Omit any picture, and return the remaining data exactly as written.

PROVIDED MATERIAL
#####
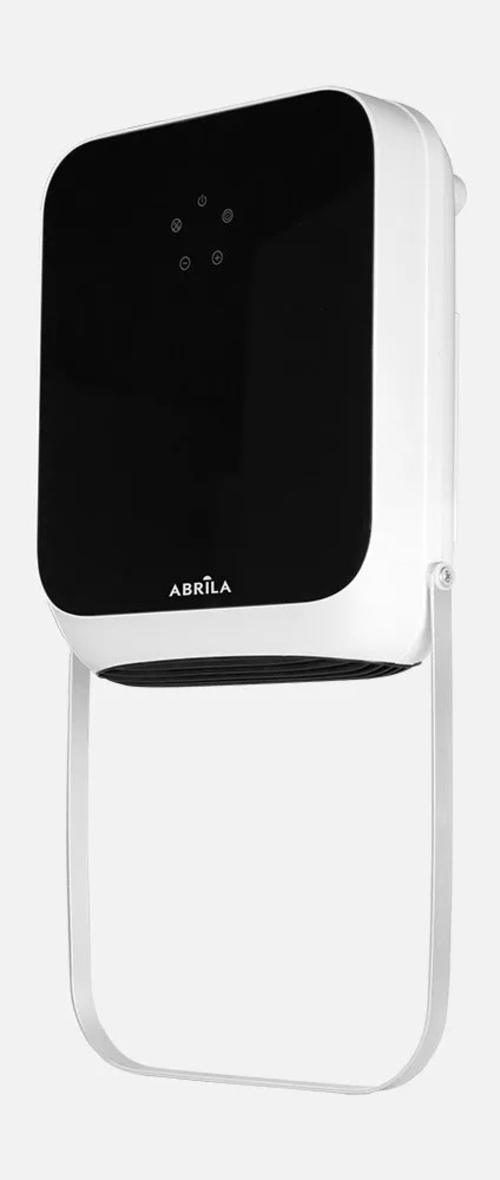 ABRILA PTC TOLOSA Negro-Blanco - Termoventilador Cérmico 2000W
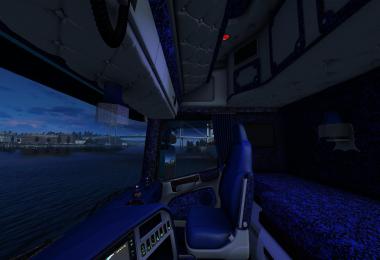 Holland Danish Interior for Scania RJL 1.34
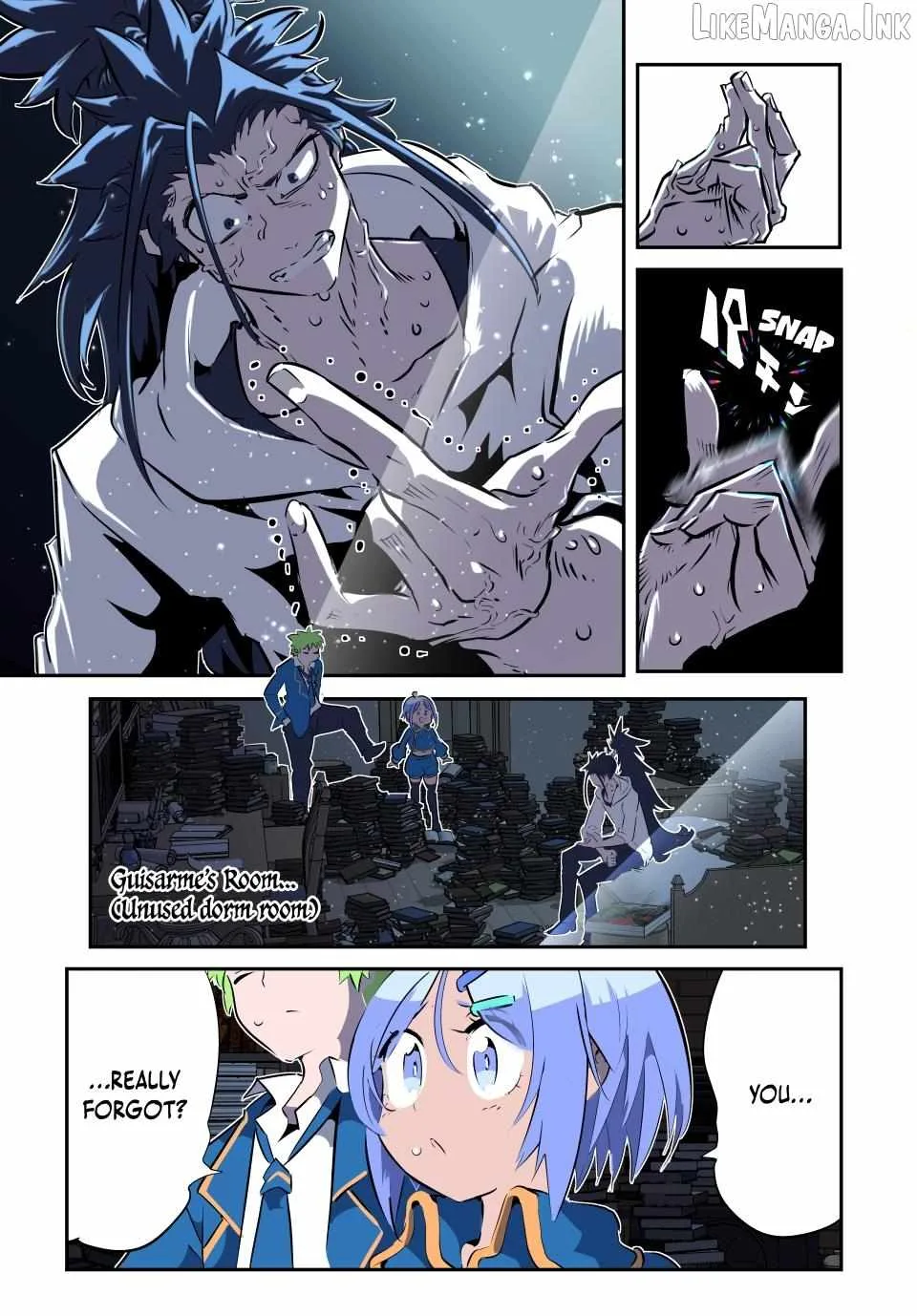 I was reincarnated as the 7th Prince so I will perfect my magic as I please Chapter 219 page 3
#####
RESPONSE TO THIS EXERCISE
 ABRILA PTC TOLOSA Negro-Blanco - Termoventilador Cérmico 2000W
 Holland Danish Interior for Scania RJL 1.34
 I was reincarnated as the 7th Prince so I will perfect my magic as I please Chapter 219 page 3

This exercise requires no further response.